__Data shown__












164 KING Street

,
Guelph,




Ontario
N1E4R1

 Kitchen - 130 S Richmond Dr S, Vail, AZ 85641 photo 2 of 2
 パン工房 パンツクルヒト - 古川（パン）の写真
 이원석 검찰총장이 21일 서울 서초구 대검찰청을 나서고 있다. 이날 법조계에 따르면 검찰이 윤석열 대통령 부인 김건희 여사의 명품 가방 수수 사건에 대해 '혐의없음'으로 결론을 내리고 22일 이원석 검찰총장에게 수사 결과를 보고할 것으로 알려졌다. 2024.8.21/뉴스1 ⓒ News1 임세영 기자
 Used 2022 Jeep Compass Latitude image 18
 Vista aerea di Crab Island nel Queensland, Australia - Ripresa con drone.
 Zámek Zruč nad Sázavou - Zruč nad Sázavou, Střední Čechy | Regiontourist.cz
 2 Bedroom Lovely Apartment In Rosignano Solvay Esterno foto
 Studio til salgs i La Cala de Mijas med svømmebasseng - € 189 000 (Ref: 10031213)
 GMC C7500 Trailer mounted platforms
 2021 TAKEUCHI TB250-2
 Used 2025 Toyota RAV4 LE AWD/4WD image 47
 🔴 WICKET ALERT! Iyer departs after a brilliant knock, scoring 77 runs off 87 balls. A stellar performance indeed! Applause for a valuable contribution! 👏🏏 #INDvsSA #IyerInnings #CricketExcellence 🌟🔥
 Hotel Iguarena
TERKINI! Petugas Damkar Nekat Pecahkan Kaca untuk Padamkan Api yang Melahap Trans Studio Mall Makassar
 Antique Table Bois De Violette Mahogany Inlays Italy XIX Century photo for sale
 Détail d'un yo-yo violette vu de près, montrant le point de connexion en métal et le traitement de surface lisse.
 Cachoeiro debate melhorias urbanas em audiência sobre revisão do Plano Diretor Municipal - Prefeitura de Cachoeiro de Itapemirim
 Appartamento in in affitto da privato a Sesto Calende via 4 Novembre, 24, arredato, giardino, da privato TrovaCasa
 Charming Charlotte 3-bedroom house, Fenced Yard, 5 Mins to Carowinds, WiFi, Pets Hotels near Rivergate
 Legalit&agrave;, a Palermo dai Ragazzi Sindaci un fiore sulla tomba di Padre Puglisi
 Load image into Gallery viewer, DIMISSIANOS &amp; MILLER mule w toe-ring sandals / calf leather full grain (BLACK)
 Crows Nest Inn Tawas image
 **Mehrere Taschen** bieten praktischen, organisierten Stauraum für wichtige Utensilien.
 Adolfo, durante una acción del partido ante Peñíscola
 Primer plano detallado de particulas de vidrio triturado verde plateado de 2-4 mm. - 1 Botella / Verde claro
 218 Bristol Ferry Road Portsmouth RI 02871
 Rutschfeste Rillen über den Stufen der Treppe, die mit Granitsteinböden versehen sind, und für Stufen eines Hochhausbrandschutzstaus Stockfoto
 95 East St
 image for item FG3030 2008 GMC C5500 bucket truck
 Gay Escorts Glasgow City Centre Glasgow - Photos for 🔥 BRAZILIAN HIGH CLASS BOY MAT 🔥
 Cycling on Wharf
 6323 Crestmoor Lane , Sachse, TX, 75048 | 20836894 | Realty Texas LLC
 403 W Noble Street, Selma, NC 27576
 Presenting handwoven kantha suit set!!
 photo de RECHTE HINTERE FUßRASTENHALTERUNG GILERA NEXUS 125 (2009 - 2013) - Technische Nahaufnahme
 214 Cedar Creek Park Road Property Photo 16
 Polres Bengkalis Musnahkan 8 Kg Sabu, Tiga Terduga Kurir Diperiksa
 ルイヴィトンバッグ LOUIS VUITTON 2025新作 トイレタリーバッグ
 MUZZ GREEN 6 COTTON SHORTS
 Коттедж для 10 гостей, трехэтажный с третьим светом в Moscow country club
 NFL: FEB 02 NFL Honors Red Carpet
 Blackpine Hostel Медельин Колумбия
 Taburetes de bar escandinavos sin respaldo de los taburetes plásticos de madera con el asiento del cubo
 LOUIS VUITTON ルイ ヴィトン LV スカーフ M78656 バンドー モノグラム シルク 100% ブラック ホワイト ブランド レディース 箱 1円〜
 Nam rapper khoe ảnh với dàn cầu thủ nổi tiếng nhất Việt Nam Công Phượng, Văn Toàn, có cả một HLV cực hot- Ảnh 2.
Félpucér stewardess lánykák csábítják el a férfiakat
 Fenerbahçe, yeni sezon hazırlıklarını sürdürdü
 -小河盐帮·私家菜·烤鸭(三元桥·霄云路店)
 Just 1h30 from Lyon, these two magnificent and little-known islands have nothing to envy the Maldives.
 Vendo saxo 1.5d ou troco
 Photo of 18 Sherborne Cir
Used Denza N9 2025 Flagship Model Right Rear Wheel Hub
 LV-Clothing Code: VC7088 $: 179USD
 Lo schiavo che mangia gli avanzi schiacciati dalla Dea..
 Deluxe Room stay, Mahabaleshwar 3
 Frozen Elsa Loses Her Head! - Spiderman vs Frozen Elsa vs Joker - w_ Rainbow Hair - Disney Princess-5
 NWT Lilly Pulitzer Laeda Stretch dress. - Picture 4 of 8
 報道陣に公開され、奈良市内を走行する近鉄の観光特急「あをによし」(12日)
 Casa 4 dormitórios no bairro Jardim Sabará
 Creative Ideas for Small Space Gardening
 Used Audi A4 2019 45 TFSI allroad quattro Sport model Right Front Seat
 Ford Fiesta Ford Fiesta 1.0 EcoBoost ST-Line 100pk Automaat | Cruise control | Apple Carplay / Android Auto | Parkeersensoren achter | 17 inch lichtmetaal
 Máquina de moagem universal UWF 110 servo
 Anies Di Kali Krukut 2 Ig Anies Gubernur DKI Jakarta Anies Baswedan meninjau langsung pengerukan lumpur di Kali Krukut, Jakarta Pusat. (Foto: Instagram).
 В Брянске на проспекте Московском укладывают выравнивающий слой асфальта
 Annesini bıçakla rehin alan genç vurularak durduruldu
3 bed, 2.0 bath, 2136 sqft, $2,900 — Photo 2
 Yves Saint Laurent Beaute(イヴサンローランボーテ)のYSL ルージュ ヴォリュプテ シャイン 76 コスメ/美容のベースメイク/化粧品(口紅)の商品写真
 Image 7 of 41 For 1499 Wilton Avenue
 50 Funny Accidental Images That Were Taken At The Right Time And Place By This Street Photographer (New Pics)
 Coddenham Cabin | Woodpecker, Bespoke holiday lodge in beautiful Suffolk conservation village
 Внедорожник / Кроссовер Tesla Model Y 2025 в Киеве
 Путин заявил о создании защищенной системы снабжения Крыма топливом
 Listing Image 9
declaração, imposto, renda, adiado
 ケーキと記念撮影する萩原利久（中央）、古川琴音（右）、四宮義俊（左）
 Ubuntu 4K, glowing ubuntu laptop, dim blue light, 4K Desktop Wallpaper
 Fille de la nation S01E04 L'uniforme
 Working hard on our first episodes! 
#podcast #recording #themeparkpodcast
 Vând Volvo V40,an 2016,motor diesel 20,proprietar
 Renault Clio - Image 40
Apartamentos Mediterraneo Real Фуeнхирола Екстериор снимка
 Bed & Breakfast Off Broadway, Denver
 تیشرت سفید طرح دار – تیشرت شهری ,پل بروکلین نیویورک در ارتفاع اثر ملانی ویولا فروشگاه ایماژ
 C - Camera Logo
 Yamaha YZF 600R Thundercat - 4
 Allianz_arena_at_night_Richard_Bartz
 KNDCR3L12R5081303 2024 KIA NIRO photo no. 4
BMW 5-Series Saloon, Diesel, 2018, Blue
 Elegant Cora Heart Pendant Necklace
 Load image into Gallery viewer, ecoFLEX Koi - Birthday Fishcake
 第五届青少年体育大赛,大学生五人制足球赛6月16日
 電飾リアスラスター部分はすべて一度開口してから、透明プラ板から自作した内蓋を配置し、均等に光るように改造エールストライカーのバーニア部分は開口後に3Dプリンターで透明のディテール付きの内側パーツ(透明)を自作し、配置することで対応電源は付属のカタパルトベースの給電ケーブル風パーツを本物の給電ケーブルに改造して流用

__Directions for this task__
Send back an exact copy of only the lines from the line with "報道陣に公開され、奈良市内を走行する近鉄の観光特急「あをによし」(12日)" up to and including the line with "Ford Fiesta Ford" in the data above.

__Answer to this problem__
 報道陣に公開され、奈良市内を走行する近鉄の観光特急「あをによし」(12日)
 Casa 4 dormitórios no bairro Jardim Sabará
 Creative Ideas for Small Space Gardening
 Used Audi A4 2019 45 TFSI allroad quattro Sport model Right Front Seat
 Ford Fiesta Ford Fiesta 1.0 EcoBoost ST-Line 100pk Automaat | Cruise control | Apple Carplay / Android Auto | Parkeersensoren achter | 17 inch lichtmetaal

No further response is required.